Margarita Stolarova and Aenne Brielmann developed new open-access stimulus set for investigation of need-of-help recognition abilities
Helping is an important aspect of human prosocial behavior which has received increasing attention in recent years. However, need-of-help recognition, one socio-perceptual process preceding helping behavior, has not been investigated before. Possible reasons for this lack of attention to an important precondition of helping are difficulties in operationalization and a lack of appropriate, standardized stimulus material. Aenne Brielmann and Margarita Stolarova have therefore developed and tested a new set of visual stimuli for investigating need of help recognition. The research was funded by the Zukunftskolleg. The stimulus set has now been published in PLOS ONE, researchers are invited to use and expand the open-access NeoHelp Stimulus Set. The results of the first empirical data obtained with the NeoHelp have been published in Frontiers in Psychology: Developmental Psychology.

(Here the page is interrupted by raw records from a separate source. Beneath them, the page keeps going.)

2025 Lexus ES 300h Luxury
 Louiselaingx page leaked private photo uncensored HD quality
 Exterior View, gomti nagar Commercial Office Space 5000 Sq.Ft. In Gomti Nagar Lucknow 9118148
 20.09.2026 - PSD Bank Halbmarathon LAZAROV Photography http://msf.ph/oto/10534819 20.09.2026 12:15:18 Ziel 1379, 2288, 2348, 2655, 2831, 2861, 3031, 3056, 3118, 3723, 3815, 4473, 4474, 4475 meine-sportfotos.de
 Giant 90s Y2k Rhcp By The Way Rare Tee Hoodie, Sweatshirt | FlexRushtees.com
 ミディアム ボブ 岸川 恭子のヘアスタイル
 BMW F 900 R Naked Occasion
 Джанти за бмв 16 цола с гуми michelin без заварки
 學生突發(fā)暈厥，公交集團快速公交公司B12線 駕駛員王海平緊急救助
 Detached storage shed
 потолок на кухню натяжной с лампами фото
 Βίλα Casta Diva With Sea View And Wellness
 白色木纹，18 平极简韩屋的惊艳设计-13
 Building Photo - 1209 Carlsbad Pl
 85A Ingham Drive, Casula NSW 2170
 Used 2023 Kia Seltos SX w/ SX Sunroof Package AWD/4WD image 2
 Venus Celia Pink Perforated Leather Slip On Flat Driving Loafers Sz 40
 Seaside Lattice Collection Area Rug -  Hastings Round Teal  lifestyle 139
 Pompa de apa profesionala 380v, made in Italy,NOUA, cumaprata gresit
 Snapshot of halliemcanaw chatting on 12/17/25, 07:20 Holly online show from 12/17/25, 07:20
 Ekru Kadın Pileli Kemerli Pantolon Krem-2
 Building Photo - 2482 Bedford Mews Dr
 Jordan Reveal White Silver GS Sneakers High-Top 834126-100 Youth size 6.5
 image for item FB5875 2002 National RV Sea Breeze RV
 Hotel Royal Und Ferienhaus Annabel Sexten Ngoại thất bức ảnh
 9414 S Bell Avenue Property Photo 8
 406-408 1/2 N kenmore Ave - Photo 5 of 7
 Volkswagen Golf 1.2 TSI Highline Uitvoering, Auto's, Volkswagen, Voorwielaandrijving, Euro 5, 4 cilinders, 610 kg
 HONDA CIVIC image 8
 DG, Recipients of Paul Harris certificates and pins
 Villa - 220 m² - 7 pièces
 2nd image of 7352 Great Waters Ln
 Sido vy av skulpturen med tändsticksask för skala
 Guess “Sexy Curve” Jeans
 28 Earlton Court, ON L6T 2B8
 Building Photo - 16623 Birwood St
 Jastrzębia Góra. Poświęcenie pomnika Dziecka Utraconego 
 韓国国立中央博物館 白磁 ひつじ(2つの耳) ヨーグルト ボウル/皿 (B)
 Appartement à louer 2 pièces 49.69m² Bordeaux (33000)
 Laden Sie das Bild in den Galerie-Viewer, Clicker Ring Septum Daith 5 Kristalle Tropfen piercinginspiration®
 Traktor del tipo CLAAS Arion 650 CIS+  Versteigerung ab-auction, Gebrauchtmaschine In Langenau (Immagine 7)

Margarita Stolarova and Aenne Brielmann from the Department of Psychology and the Zukunftskolleg at the University of Konstanz were able to demonstrate that the black-and-white comic drawings comprising the NeoHelp Stimulus Set are well suited for research with children of different ages: They are unambiguously identifiable in terms of content and category. The stimuli are also characterized by high perceptual similarity across content categories. These qualities make them well usable for psychophysiological and neuroimaging studies, as well as for behavioral studies. The first empirical investigation with 53 children from 5 to 13 years showed that the developmental trajectory of children's ability to recognize another person's need-of-help differs for girls and boys. We observed higher accuracy rates for younger girls compared to younger boys specifically in the need-of-help recognition tasks. For boys, an age-related performance improvement was found. Younger girls performed at a similarly high level as older girls and boys. No gender differences were observed for children aged over nine.